Her last statement took them to the end of the lane, almost to the bottom step of his parents’ front porch. She jerked the gearshift into park, and faced him, because really that was the bottom line. Not just to his being on the committee, but to his being in her life. “To you this might be noble and sort of fun for the moment, but I’m the one who’s going to be left picking up the pieces or trying to hold everything together when you leave.”
“I won’t leave in the middle of something,” he said, capturing her gaze, looking like he was talking more about them personally, than the town or the committee and its problems. “And I won’t start something that I can’t finish.”
“Getting the funding for some of these projects will take years,” Bailey protested over the ripple of yearning that swept through her at his sincere voice, the honesty in his simple words. She genuinely believed he didn’t understand what he was dragging her or her poor town into. “You’re not going to hang around for years.”
“No,” he agreed, shaking his head to emphasize it. “But there are telephones and fax machines and even e-mail and instant messages. If you want to communicate with someone badly enough, you can.”
That made her laugh. “I’m about the only one in this town who has e-mail and even knows what an instant message is.”
“You’re the only one I care about.”
Her head shot up and she stared at him. Though he had hovered around the fine line between talking about the committee and talking about her, with that comment he crossed over. Fear nearly paralyzed her. No matter how cute he was, how sincere he sounded, how nice he was to the people on her committee, or even how much she wanted this, she absolutely, positively could not get involved with this man. He was leaving. She was staying. They were a disaster waiting to happen. She would not willfully put herself in a position of getting hurt. That would be insanity.
But before she could say anything, he said, “You know what I mean.” Then he grinned and yanked on the handle of the passenger side door. “As long as there is one person to contact, I can be in touch. This isn’t hard, Bailey. Don’t make it hard.”

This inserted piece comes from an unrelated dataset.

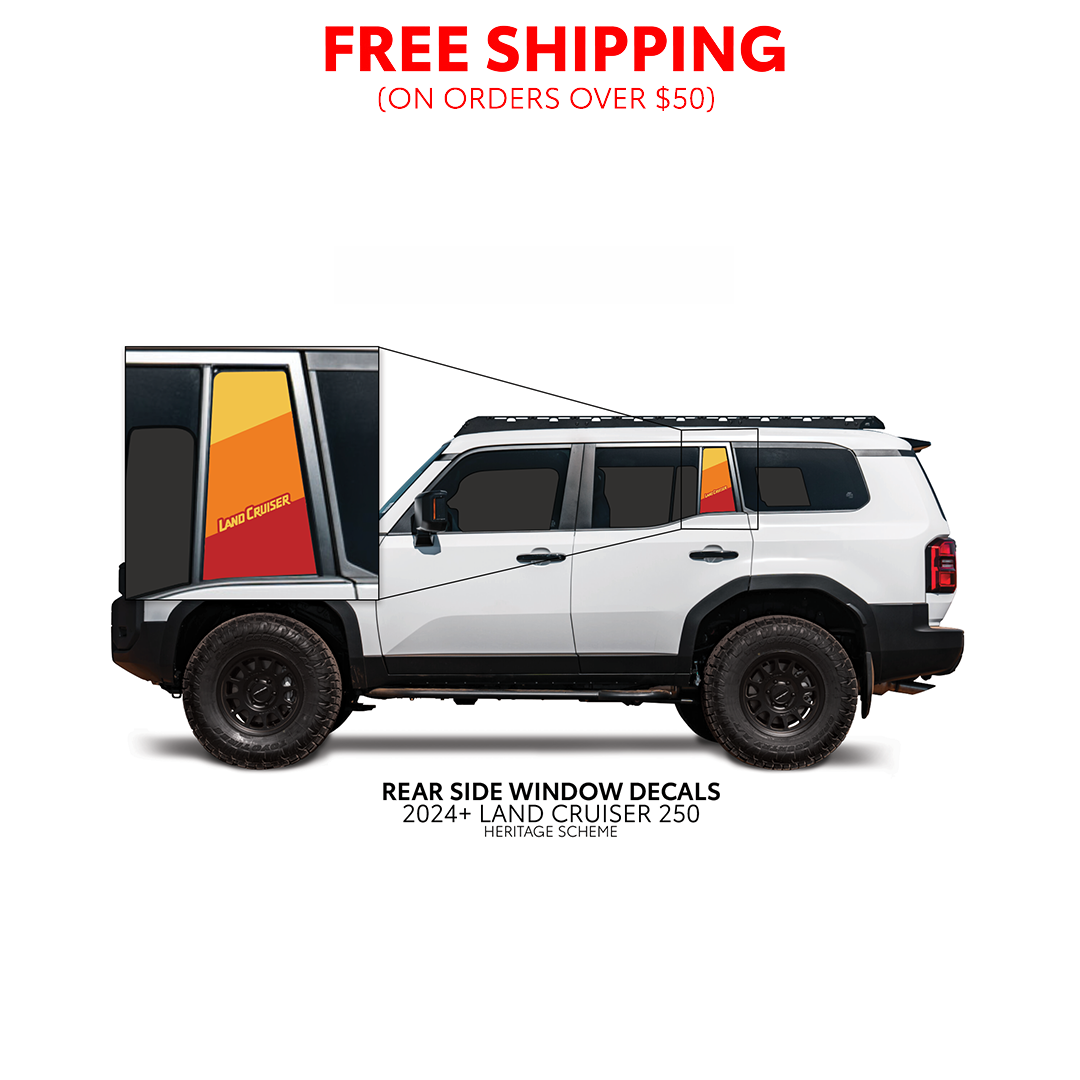 2024+  Rear Side Window Decal For Land Cruiser 250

With that he jumped out and slammed her car door. Bailey waited until he was inside the house before she put her gearshift into drive and bounced her way out of his parents’ lane, feeling oddly empty. But she had done the right thing. She knew she had done the right thing.
It wasn’t until she was at the door of her apartment that she realized he hadn’t made a move to kiss her. And he hadn’t actually flirted with her, either. Most of the time she thought he might have been talking about a relationship with her, he could have been talking about the committee. All he had really done was confuse her.
Or maybe she had confused herself. Since he hadn’t kissed her or tried, hadn’t asked her out or tried. Maybe she was only complimenting herself to think he joined the committee to be with her.
“Cora, I’m telling you it was the most confusing situation I’ve ever been in.”
“I don’t see how,” Cora Beth Johnson said, balancing her fist on her right hip as she stared at Bailey. Tall, thin, brown-eyed Cora had been Bailey’s best friend since grade school and now was her best employee. The two were supposed to be doing a late-Monday-night inventory before a salesman arrived Tuesday morning, but so far all Cora had done was stand and stare at Bailey.